5/02/2013

05-02-13 - Simple C++0x style LF structs and adapter for x86-Windows

I've seen a lot of lockfree libraries out there that are total crap. Really weird non-standard ways of doing things, or overly huge and complex.

I thought I'd make a super simple one in the correct modern style. Download : cbliblf.zip

(If you want a big fully functional much-more-complete library, Intel TBB is the best I've seen. The problem with TBB is that it's huge and entangled, and the license is not clearly free for all use).

There are two pieces here :

"cblibCpp0x.h" provides atomic and such in C++0x style for MSVC/Windows/x86 compilers that don't have real C++0x yet.

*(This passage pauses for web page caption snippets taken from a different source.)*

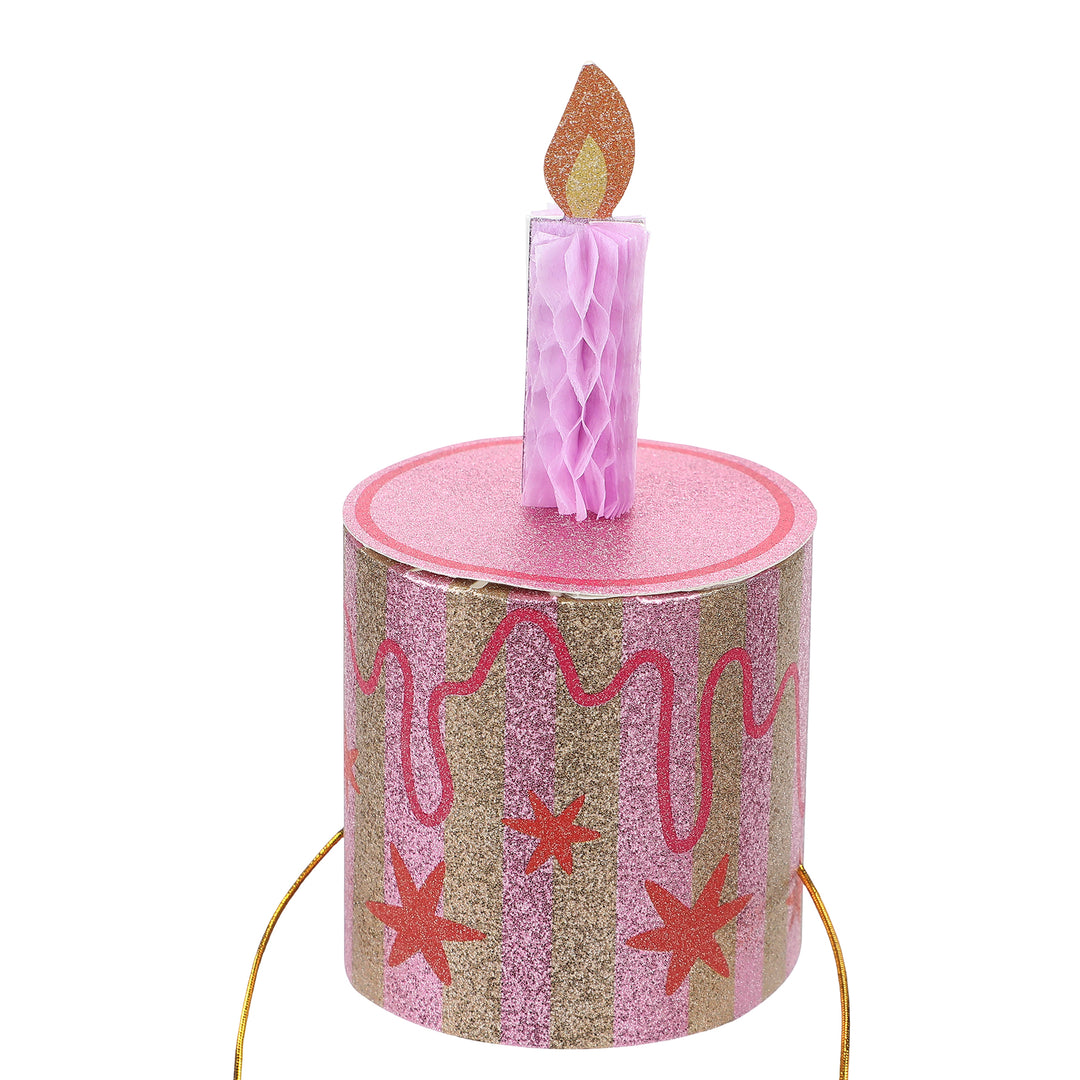 Mini Birthday Cake Party Hats (4 ct)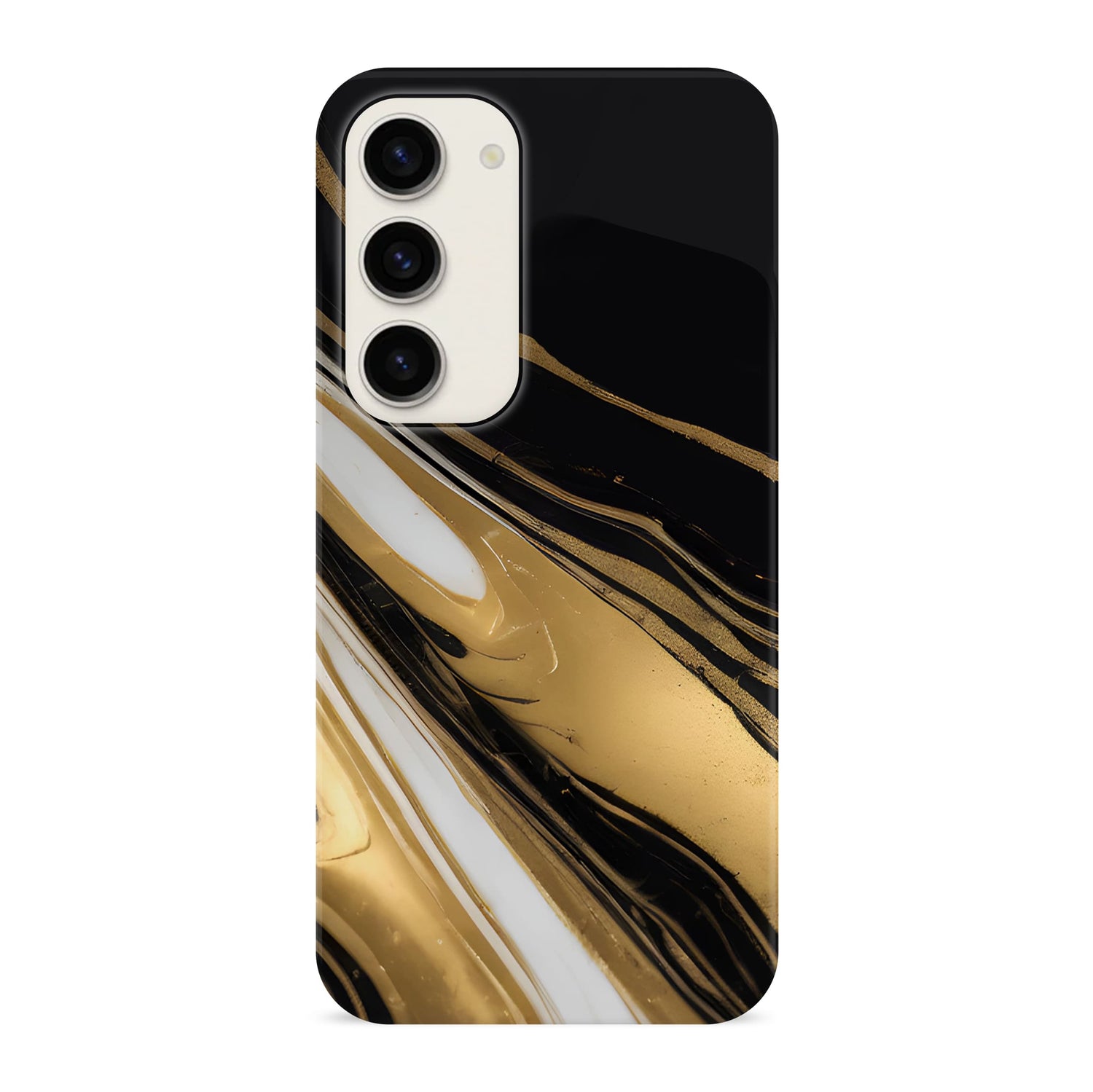 Black and Gold Lux Marble Case Samsung Galaxy S23 Phone Case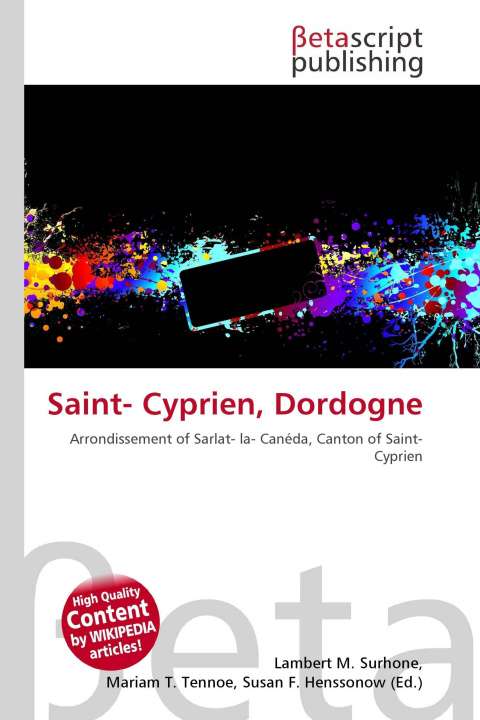 Knjiga Saint- Cyprien, Dordogne Mariam T. Tennoe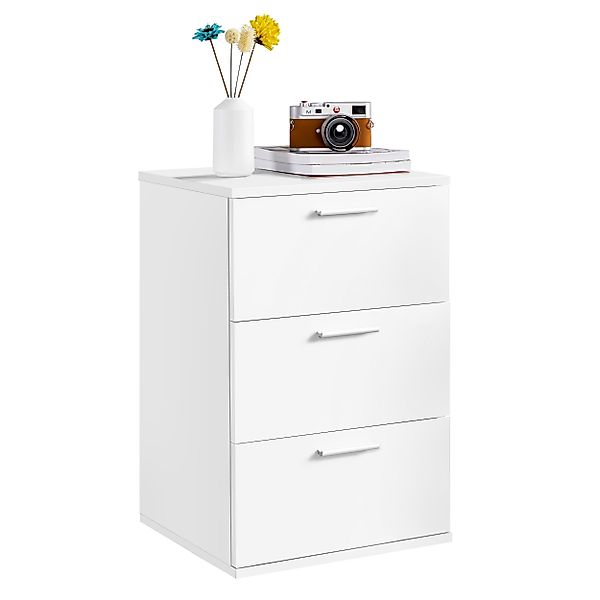 Yaheetech Nachtschrank 3 Schubladen, 60cm hoch günstig online kaufen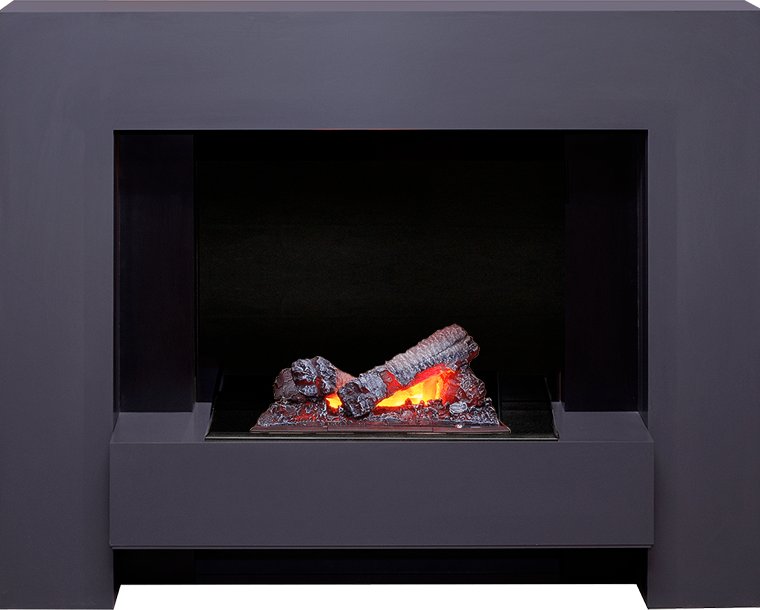 Фото Каминокомплект Tokyo - Graphite Grey с очагом Cassette 400 NH Линейные очаги ROYAL FLAME heatsystems.ru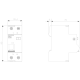 RCBO, 10 kA, 1P+N, type A, 30 mA, C-char, In: 10 A, Un AC: 230 V, 5SU1354-7KK10, Siemens alt_view_2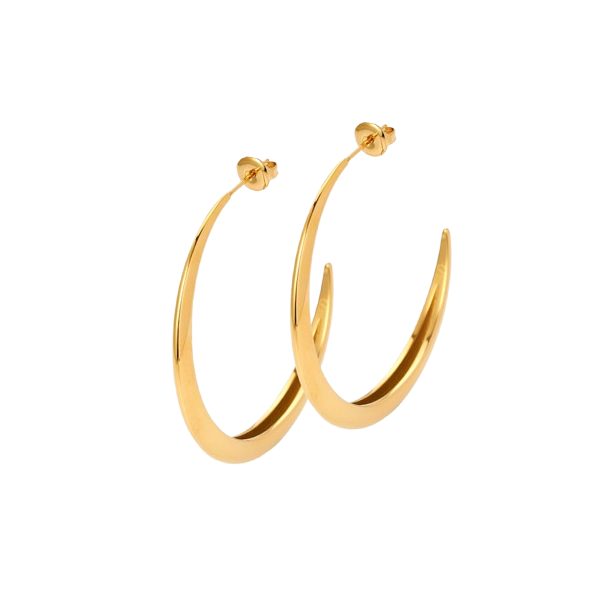 Sistie 2nd - Lux Creoler reringe, Large, Guld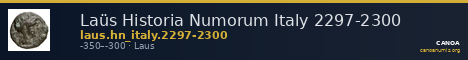 Laüs Historia Numorum Italy 2297-2300 — CANOA
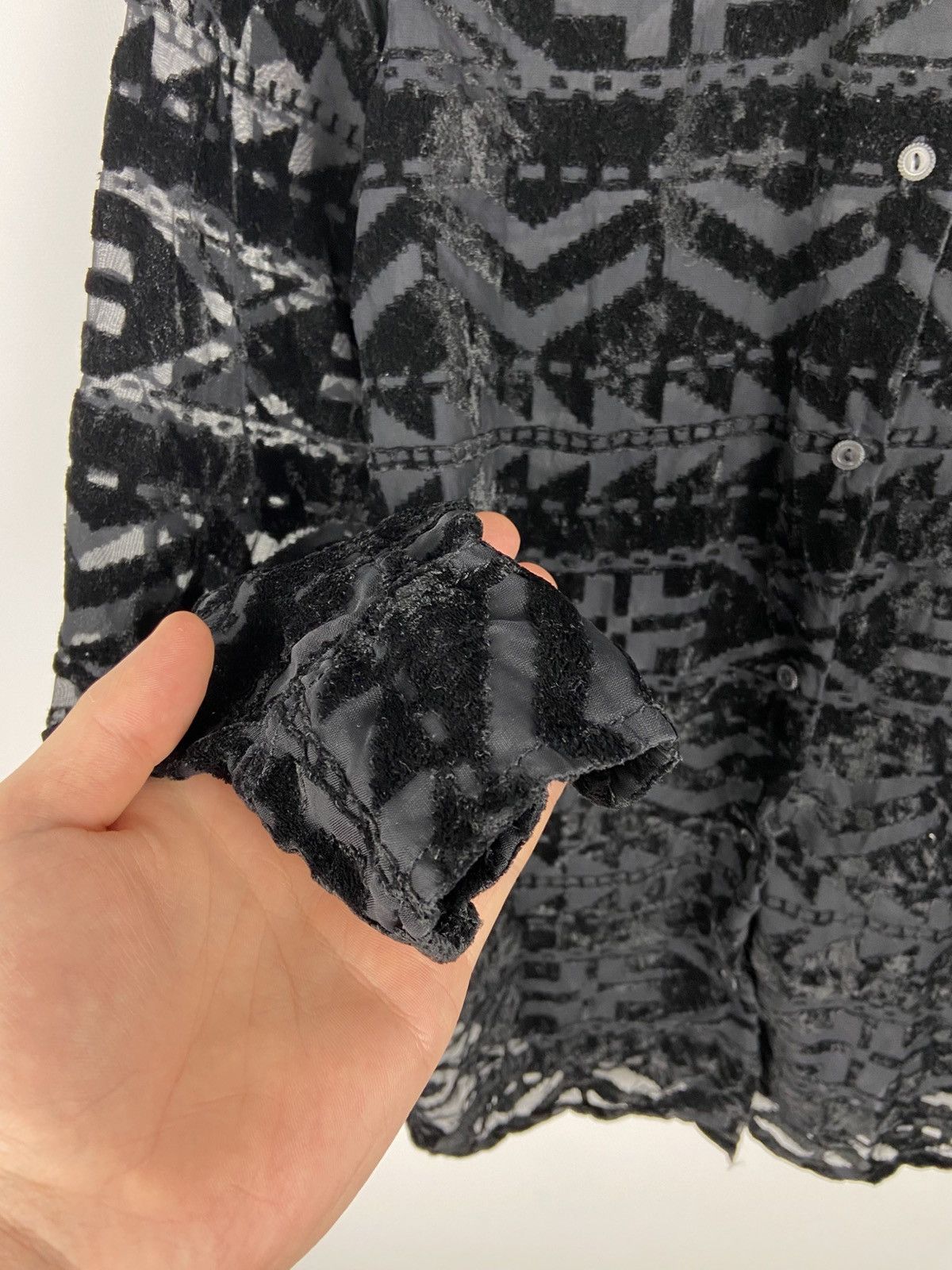 Denim & Supply Ralph Lauren Denim & Supply Ralph Lauren Burnout Aztec Women’s Shirt Size XS / US 0-2 / IT 36-38 - 11 Thumbnail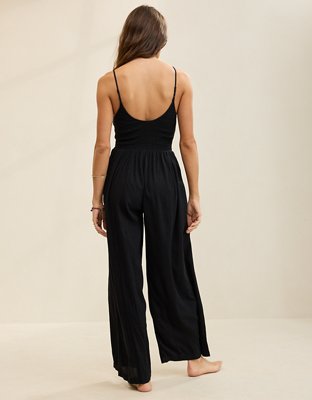 Aerie At The Barre Smocked Jumpsuit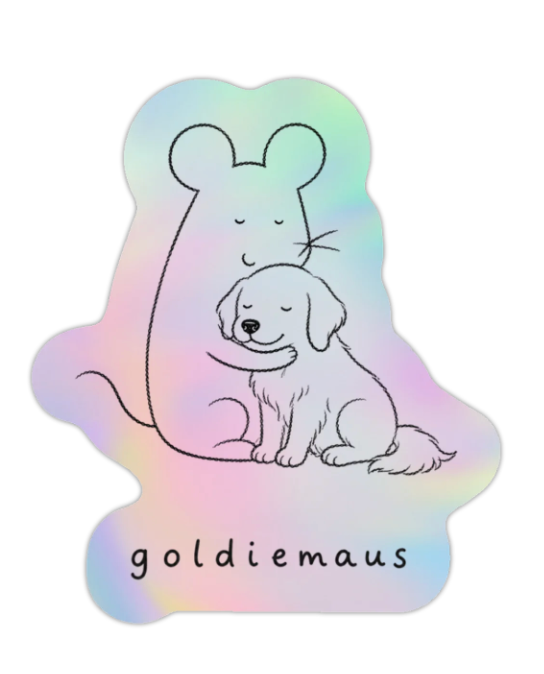 Sticker - „Goldiemaus“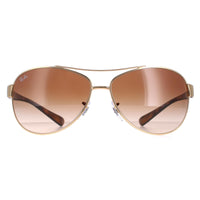 Ray-Ban Sunglasses 3386 Gold Brown Gradient 001/13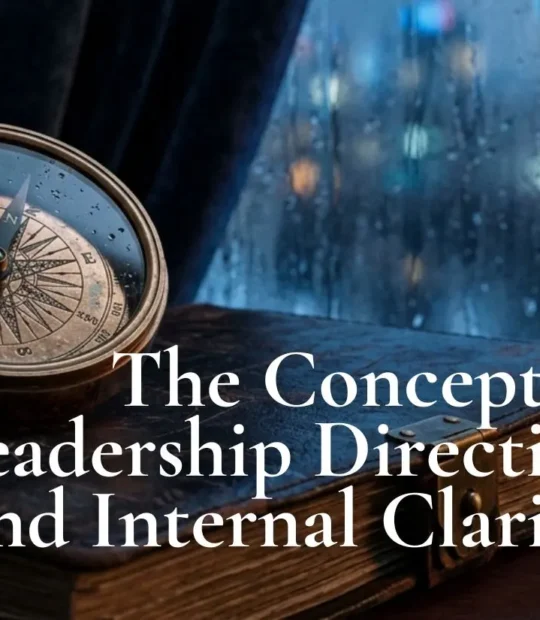 Concept of Leadership Direction and Internal Clarity by Dorice Horenstein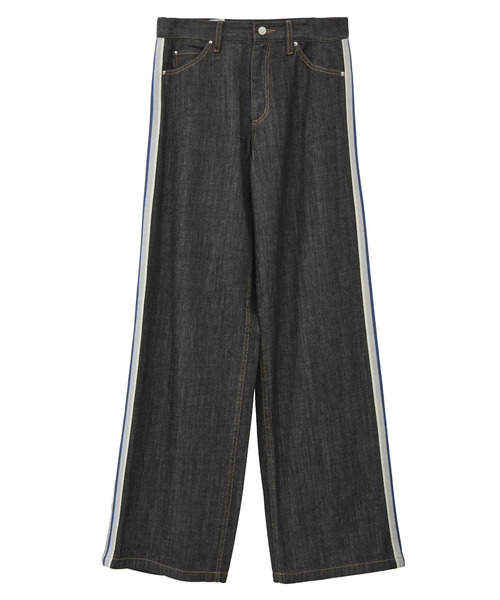 kotohayokozawa(コトハヨコザワ)の「【kotohayokozawa】SIDE LINE WIDE FLARE DENIM PANTS(デニムパンツ・レディース・ブラック/インディゴブルー/ライトブルー・MEDIUM/SMALL)」の7枚目の写真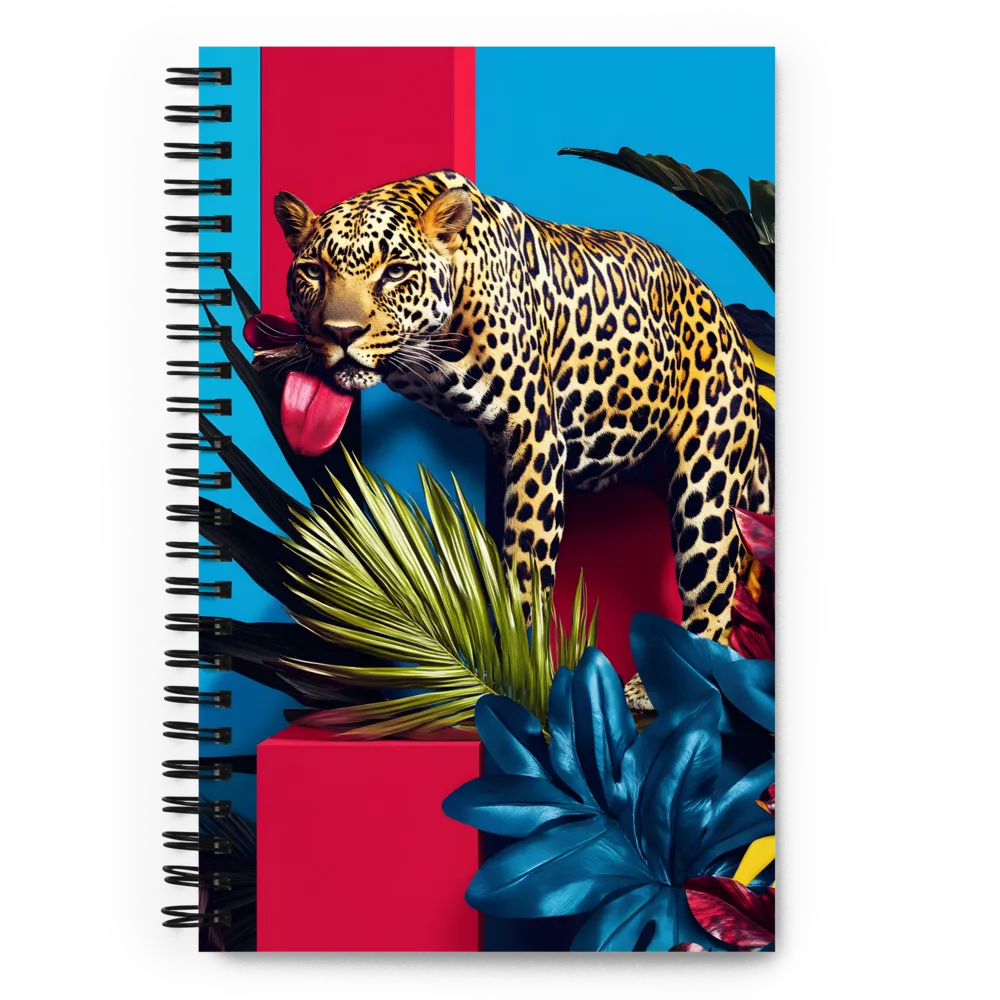 Playful Leopard in Vibrant Paradise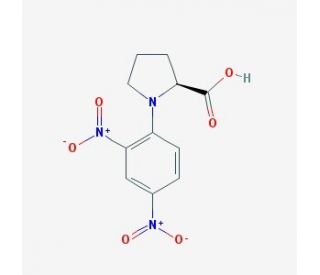 DNP-L-proline (CAS 1655-55-6) - chemical structure image
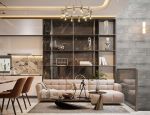 Thiết kế nội thất nhà lệch tầng sang trọng hợp phong thủy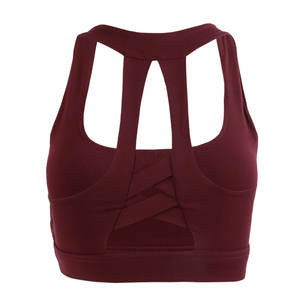 บราโยคะระบายอากาศได้ดีสำหรับเล่นยิมของผู้หญิงบราสำหรับเล่นฟิตเนสแบบปรับได้เป็นมิตรกับสิ่งแวดล้อม - Product Image 2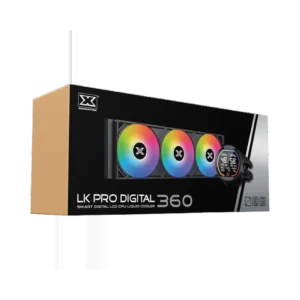 XIGMATEK LK PRO 360 2.7 inch LCD ARGB AIO Liquid Cooler Black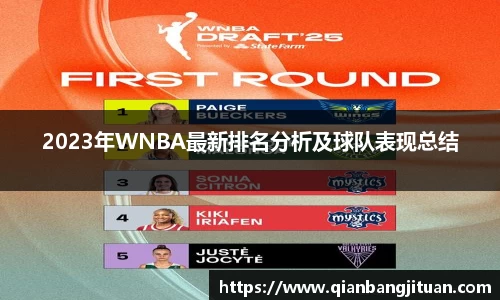 2023年WNBA最新排名分析及球队表现总结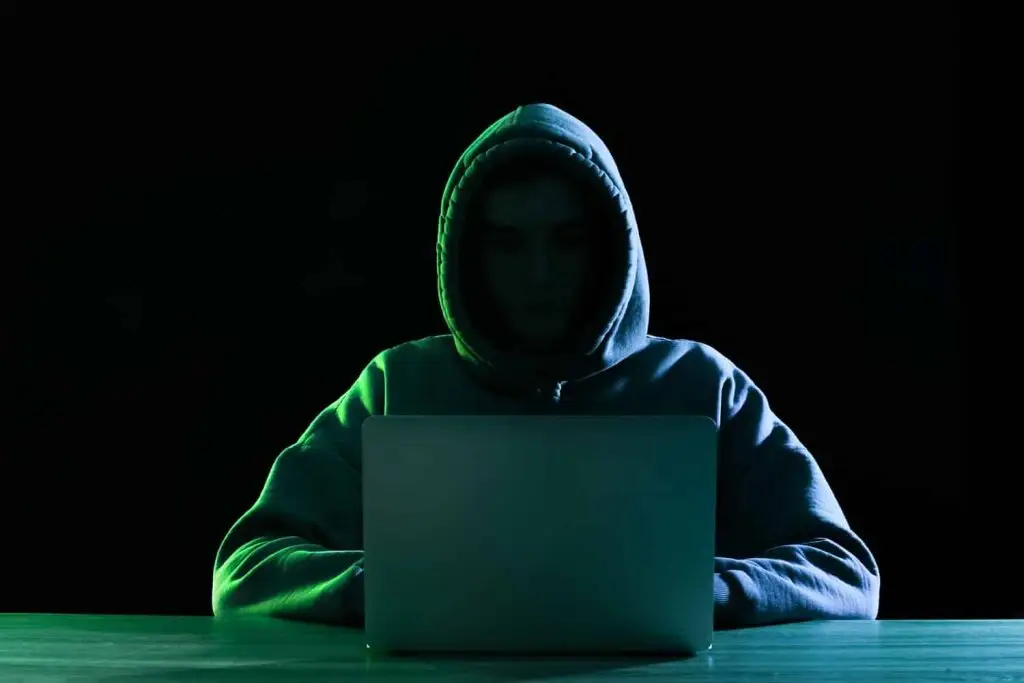 Image depicting an online thief, scammer or hacker.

I have made zero attempt to make this header syntatically identical to C++0x, there are various intentional and unintentional differences.

"cblibLF.h" provides some simple lockfree utilities (mostly queues) built on C++0x atomics.

"cblibCpp0x.h" is kind of by design not at all portable. "cblibLF.h" should be portable to any C++0x platform.

WARNING : this stuff is not super well tested because it's not what I use in Oodle. I've mostly copy-pasted this from my Relacy test code, so it should be pretty strong but there may have been some copy-paste errors.

ADDENDUM : In case it's not clear, you do not *want* to use "cblibCpp0x.h". You want to use real Cpp0x atomics provided by your compiler. This is a temporary band-aid so that people like me who use old compilers can get a cpp0x stand-in, so that they can do work using the modern syntax. If you're on a gcc platform that has the __atomic extensions but not C1X, use that.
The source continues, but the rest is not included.